Opened 4 years ago

Last modified 4 years ago

#32769 closed Bug

Fix for sporadically crashing parallel test runner — at Initial Version

Reported by: Ceesjan Luiten Owned by: nobody
Component: Testing framework Version: 2.2
Severity: Normal Keywords:
Cc: Chris Jerdonek Triage Stage: Unreviewed
Has patch: no Needs documentation: no
Needs tests: no Patch needs improvement: no
Easy pickings: no UI/UX: no

Description

G'day,

I'd like to report a fix for a bug I found with the parallel test runner. I'm filing it against 2.2 since that's what I use myself, but looking at the sourcecode 3.2 also has this bug.

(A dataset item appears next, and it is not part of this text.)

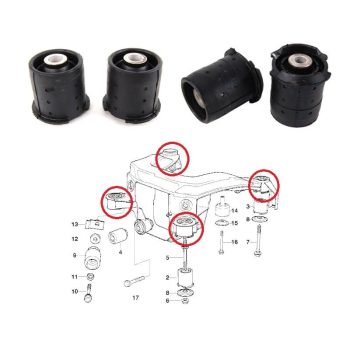 Boccole della traversa posteriore, BMW Serie 3 E36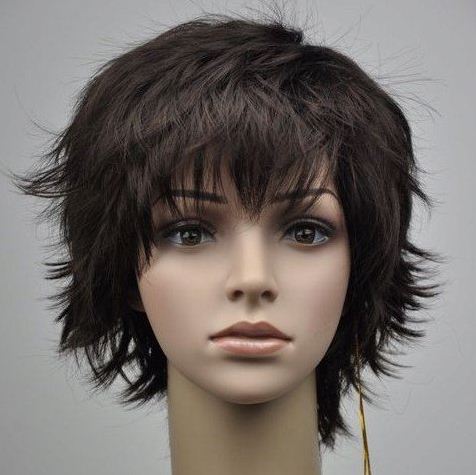Gentle Short Curly Natural Black 10 Inches Synthetic Hair Wig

Tickets that sound related but also not entirely the same: #27734

I have about 25 active Django projects, all in CI with testcases, some going back 10 years. About 6 months ago I started using --parallel to speed up testing. The speedup is great, obviously I had to fix some tests that were not compatible but that has been sorted out by now.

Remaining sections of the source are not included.